Berita Bekasi Nomor Satu

Terima Gratifikasi Tas Branded dari Dukun, Mantan Ibu Negara Korea Selatan Dihukum Penjara 20 Bulan

Kim Keon Hee, istri mantan Presiden Yoon Suk Yeol di Pengadilan Distrik Pusat Seoul di Seoul (12/8/2025).
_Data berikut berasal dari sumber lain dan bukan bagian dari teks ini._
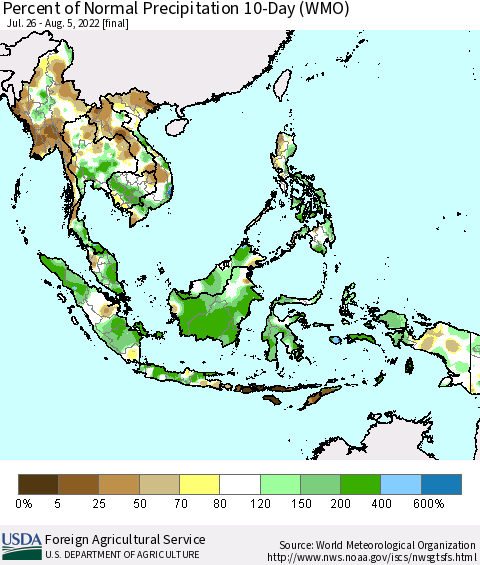 South East Asia Percent of Normal Precipitation 10-Day (WMO) Thematic Map For 7/26/2022 - 8/5/2022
Foto: Joint Press Corps.
RADARBEKASI.ID, KOREA SELATAN – Mantan ibu negara Korea Selatan Kim Keon Hee, dijatuhi hukuman satu tahun delapan bulan penjara atau 20 bulan, Rabu (28/1/2026).
Kim Keon Hee setelah dinyatakan bersalah menerima hadiah mewah, dari tokoh yang terkait dengan Gereja Unifikasi sebagai imbalan atas bantuan politik.
Putusan yang disiarkan langsung tersebut, muncul setelah mantan Presiden Yoon Suk Yeol yang digulingkan dijatuhi hukuman lima tahun penjara, dalam kasus terpisah pada tanggal 16 Januari.
Ini menandai pertama kalinya dalam sejarah Korea Selatan, bahwa baik mantan presiden maupun pasangannya dinyatakan bersalah.
Hakim di Pengadilan Distrik Pusat Seoul memerintahkan Kim, untuk membayar denda lebih dari 12 juta won atau sekitar Rp139 juta.
Selain itu, kalung berlian Graff milik Kim juga diambil setelah disita oleh tim investigasi di bawah penasihat khusus Min Joong Ki.
Dikutip dari Korea Times, Kim telah didakwa dengan tiga rangkaian tuduhan:
1. Terlibat dalam skema manipulasi harga saham Deutsch Motors antara tahun 2009 dan 2012.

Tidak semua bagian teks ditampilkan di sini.